Einstein’s theory of general relativity, just recently turned 100 years old, has been lauded with accolades for a century. It has been mused over by philosophers and stoners wondering how it can be so beautiful and so simple. And in its century of hype, general relativity has been able to describe numerous phenomenon; it predicts black holes, models the orbits of planets more closely than Newton’s Laws, and is used every day with exquisite accuracy by GPS to locate devices to within meters anywhere on the surface of the Earth.
On of the great variety of things that general relativity predicts is a phenomenon known as gravitational waves. Most people are no doubt familiar with the metaphor of gravity as a bowling ball on a rubber sheet, and a smaller ball rolled near by will be affected by the presence of the large mass. This is the concept of space as malleable and flexible. Now imagine two bowling balls on the sheet, orbiting around each other. As they move the entire rubber sheet will flex. This is the basic concept behind a gravitational wave: as objects move they deform space. When massive objects interact with each other, they create massive waves propagating at the speed of light.
Gravity waves have been observed before, but not directly. In the 1970s, astronomers Russell Hulse and Joseph Taylor discovered a binary pulsar system. A pulsar is the collapsed remnant of a midsized star, not large enough to collapse into a black hole. Thanks to conservation of angular momentum, pulsars spin very quickly and reliably, on the order of milliseconds. Continuing measurements of the rate of spin of the pulsar shows that it is slowing down in a rate almost exactly consistent with the amount of energy that gravitational waves would bleed from the system. These measurements have remained consistent with predictions for decades now.

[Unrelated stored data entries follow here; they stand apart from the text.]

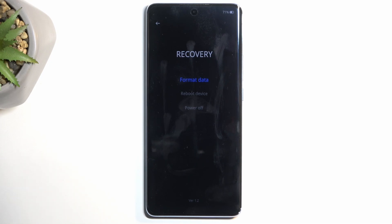One of them is format data, also known as a factory reset of the device, which removes all the data from it. Then below that we have reboot device or power off, which are just two different ways of leaving the recovery mode. Those are basically all the options we have access to.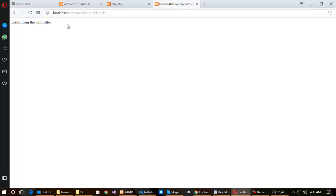I hope this video is helpful for you to install Laravel 5.5 on a Windows machine using XAMPP. Thanks for watching — see you in the next video.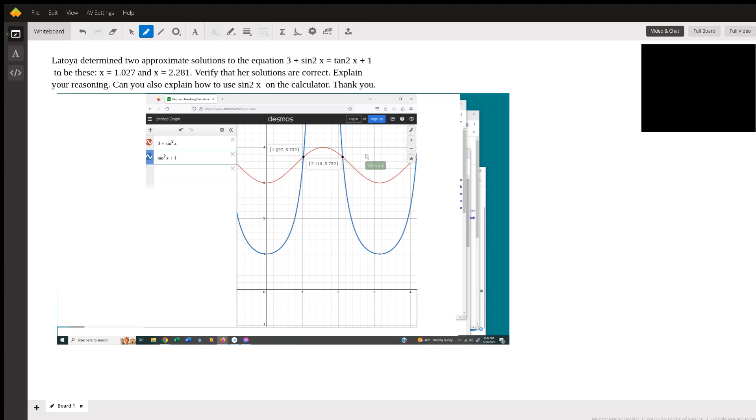That's a calculator solution. I just wanted to give you a look at that and refer you to Desmos, which is a wonderful resource. That's it for this question. I hope you find that to be helpful. Bye bye.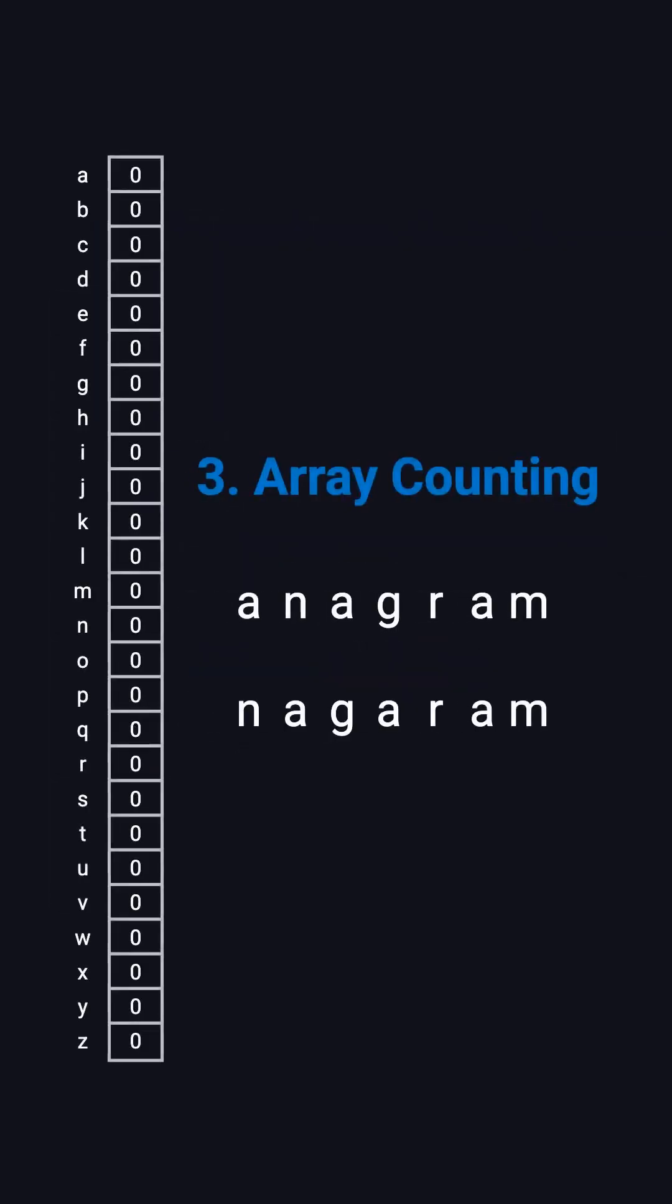The third approach is an optimization of the hash map method. If the input only contains lowercase letters A to Z, we can use a fixed-size array of length 26 to count frequencies. Each position represents a letter.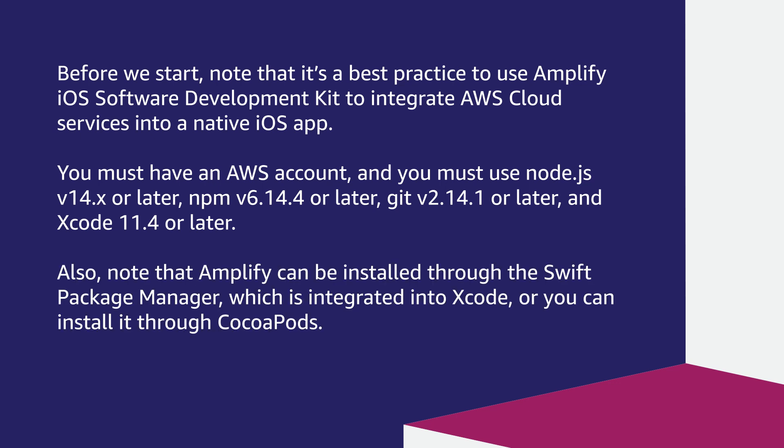Also, note that Amplify can be installed through the Swift Package Manager, which is integrated into Xcode, or you can install it through CocoaPods.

Although gravitational waves were strongly supported by pulsar evidence, their detection is still very important for a number of reasons. The first is that more evidence for their existence is always important in fields where theories like relativity are only ever supported, not proven. The second, and far more interesting reason, is that observing gravity waves is not simply testing a hypothesis; it is opening a new field of astrophysics, with just as much promise for discovery as optical or radio astronomy. Not only can gravity waves be observed, they can be interpreted and understood and used to further our knowledge.
This first direct detection of gravity waves was performed by the Laser Interferometer Gravitational-Wave Observatory (LIGO), a pair of detectors in Washington State and Louisiana. These two facilities work by shining a laser down two perpendicular vacuum-filled tunnels, each 4 km long. When the lasers come back they should perfectly cancel each other out. If they do not, it suggests that one tunnel was shorter than the other by some small amount. The cause of this is a gravity wave changing space—and therefore distance—as it passes by.
What LIGO observed was an almost unimaginably small change in the length of the 4 km long tunnel, on the order of 10 zeptometres (10-21 metre). However this observation was significant; researchers intensely studied the 20 ms signal and were able to attribute it to phenomena that had never been observed before. Their analysis shows that the gravitational waves were made by two medium sized black holes that were orbiting each other. The signal culminates in the epic merger of the two objects, then fades away to nothing. As the paper that announced this discovery rather humbly put it, “These observations demonstrate the existence of binary steller-mass black hole systems… gravitational waves and the first observation of a binary black hole merger.” That’s three remarkable observations on its first attempt. Already LIGO is a tool for astronomy.
To cement the credibility of gravitational waves as an important astronomy tool even further, the paper even goes as far as to announce that the team can even locate the source of the observation to within 60 square degrees. This is an admittedly substantial area, 300 times larger than the moon. But using more detectors—several of which exist but were not operating at the time—the location could be refined.
Gravitational waves have been found, but this is only the start. Of particular interest, gravitational waves may be able to observe the early universe farther back than our current telescope technology; whereas the hot plasma of the early universe was largely opaque to electromagnetic waves, it would have been quite transparent to gravitational waves. Keep your eye on LIGO for more exciting discoveries in the future.